Towards the end of the event, one speaker delivered a fiery speech excoriating both Democrats and Republicans for giving away hundreds of millions in taxpayer money to well connected corporations in the state. State Sen. Tom Davis (R-SC) explained to the crowd that corporations are dominating South Carolina by hiring lobbyists, then demanding huge tax giveaways from the "ruling elite" of politicians.

ThinkProgress' Lee Fang caught up with Davis, who continued to discuss the matter:

DAVIS: You've got leadership in the House, Republican and Democrat, leadership in the Senate, Republican and Democrat that are presiding over this ballooning in special deals that are given away to corporations. And the numbers don't lie: $34 million dollars worth of targeted "tax credits" back in 1998 to corporations who lobbied for them has ballooned to $523 million in 2008 and this year it has ballooned to over a billion dollars. We're not a big state. Our general fund is $5.1 billion dollars. And with a $5.1 billion dollar general fund budget, we're giving away one billion dollars in tax credits to targeted industries that have lobbyists that are going to lobby for them? Somebody pays that bill, and there's no free lunch. Who pays the bill are those folks out there that don't have the power to hire lobbyists.

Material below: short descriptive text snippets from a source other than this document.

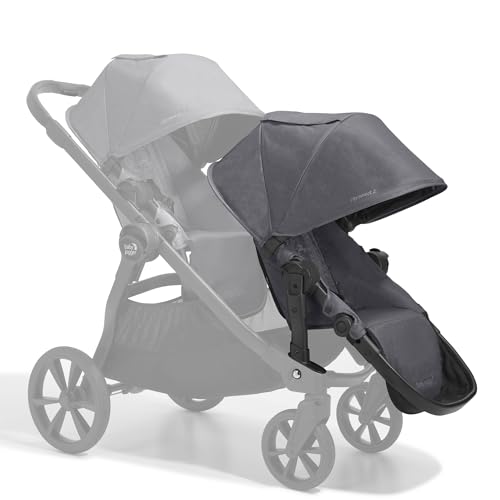 New Baby Jogger Second Seat Kit for City Select 2 Stroller, Radiant Slate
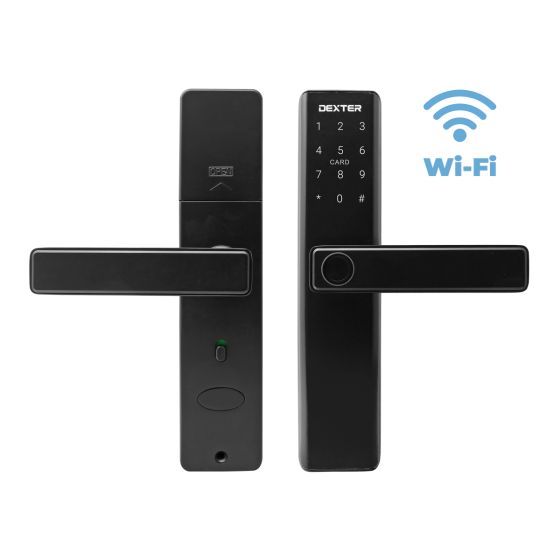 Cerradura de embutir inteligente Wi-Fi PP120 16205 Dexter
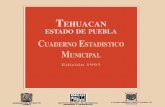 Tehuacán estado de Puebla : cuaderno estadístico municipal ...internet.contenidos.inegi.org.mx/contenidos/... · Tehuacán Edificio Sede Av. Héroe de Nacozari Núm. 2301 Sur Fracc.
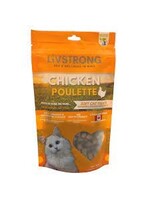 Livstrong Livstrong Chicken Semi-Moist Cat Treat 70g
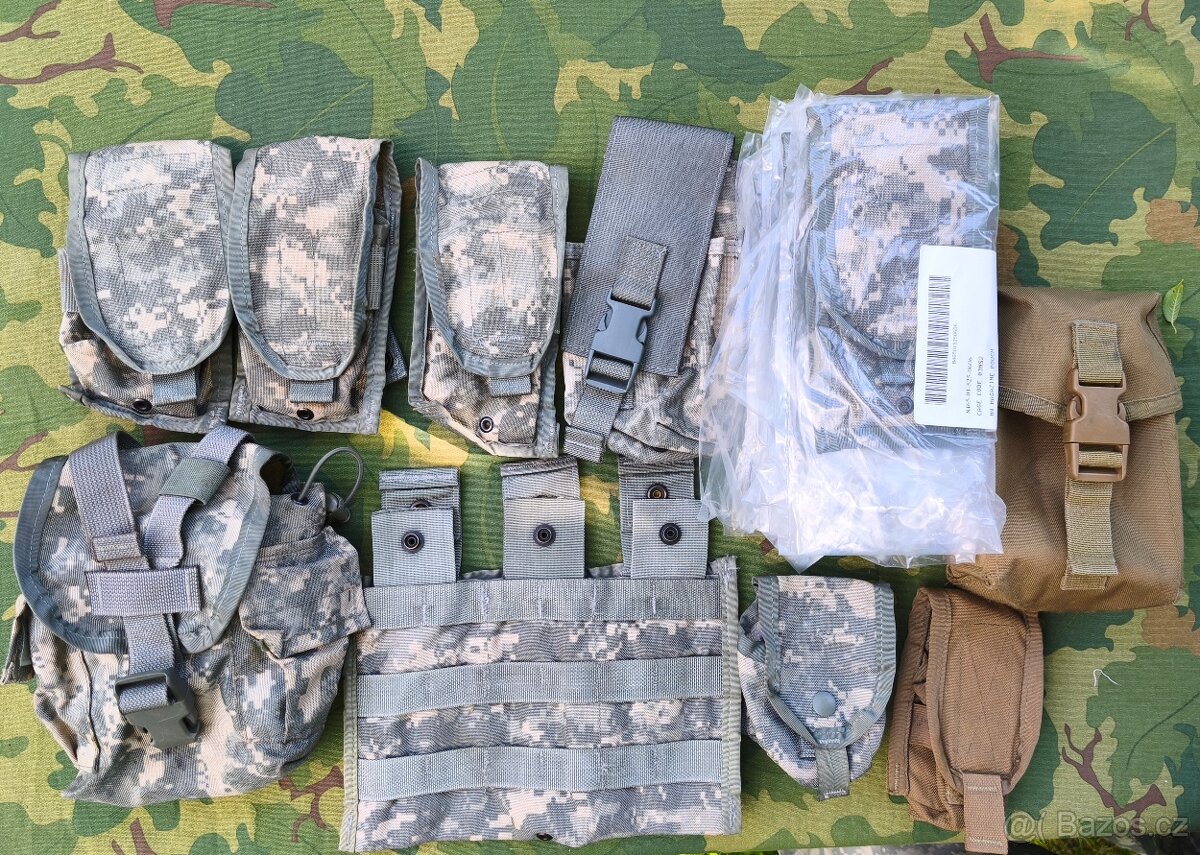 US army mix výstroje a doplňků - 2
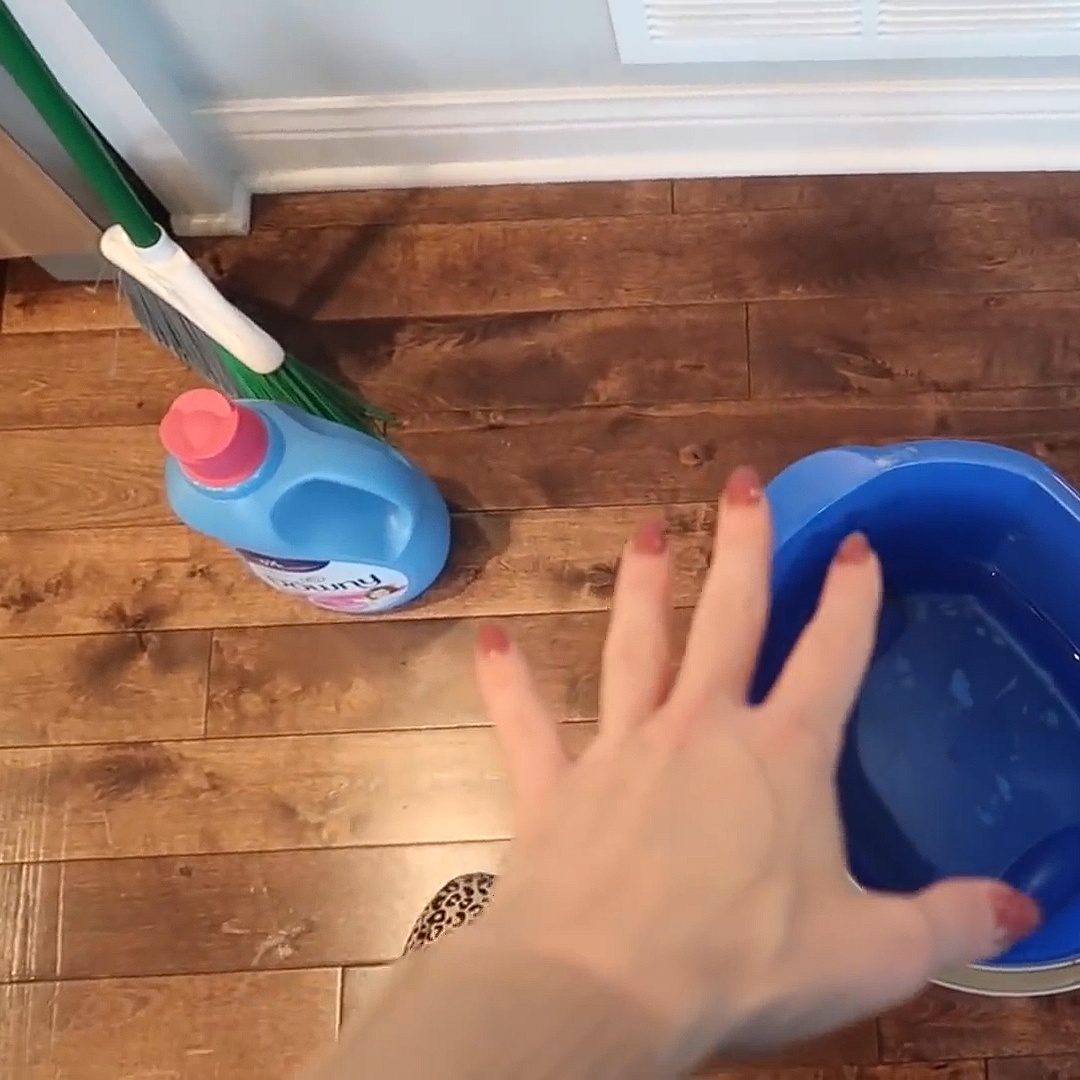 Mom shares one simple tip for keeping furniture and baseboards dustfree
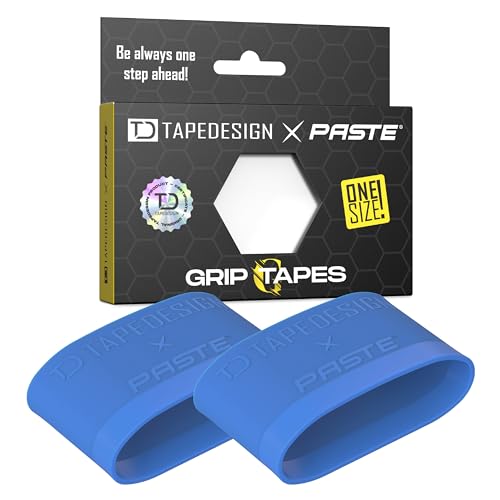 TAPEDESIGN – Schienbeinschonerhalter Grip Tapes aus Silikon, Fußball Männer, Frauen, Blau - Halterung für Fussball Stutzen, Stutzentape TAPEDESIGN – Schienbeinschonerhalter Grip Tapes aus Silikon, Fußball Männer, Frauen, Blau - Halterung für Fussball Stutzen, Stutzentape von Tapedesign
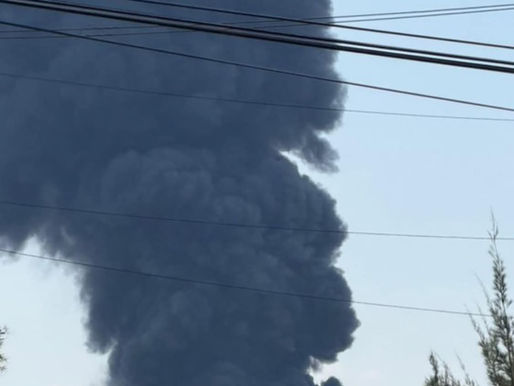 Reportan fuerte explosión en la refinería Miguel Hidalgo; en Tula de Allende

I remember reading this item over the weekend and thinking that even if State Senator Davis and I couldn't agree on anything else, this was a pretty big moment of agreement. And in a peculiar confluence of events, over the holiday weekend, my father had the occasion to remind me of a particularly prophetic section of Fareed Zakaria's 2003 book The Future Of Freedom that dealt with the rise of corporate lobbying and its pernicious effects on our politics. Zakaria cited Jonathan Rauch, who argued that "the rise of interest groups" had made American government "a giant frozen mass of ossified programs trapped in a perpetual cash crunch."

"Whether you are a liberal or a conservative this condition should dismay you," Zakaria noted. "For conservatives," he wrote, "it means that the goal of reducing federal spending has become a hopeless cause." And "for liberals," this means that "spending real money on new programs or opportunities in America has become close to impossible."

Here's the sting:

Rauch himself is resigned to the belief that "the American government probably has evolved into about what it will remain: a sprawling, largely self-organizing structure that is 10% to 20% under the control of the politicians and voters and 80% to 90% under the control of the thousands of client groups. It will change only at the margins, in ways that generally accord with the clients' wishes, but not systematically or in ways that threaten more than a few clients' franchises." This is the heart of America's dilemma today. The American people believe that they have no real control over government. What they do not realize is that the politicians have no control, either. Most representatives and senators believe that they operate in a political system in which any serious attempts at change produce instant, well-organized opposition from the small minority who are hurt by the change. And it is these minorities who really run Washington.

I'd imagine that if you lined up me, Fareed Zakaria, Jonathan Rauch, and State Senator Tom Davis, you'd probably cover a lot of territory on the political spectrum. But on this matter, at least, we all think the same thing! It makes you wonder who it is out there that disagrees with us, and what's wrong with them. (HINT: They are either buying lawmakers, or are lawmakers who have been happily bought.)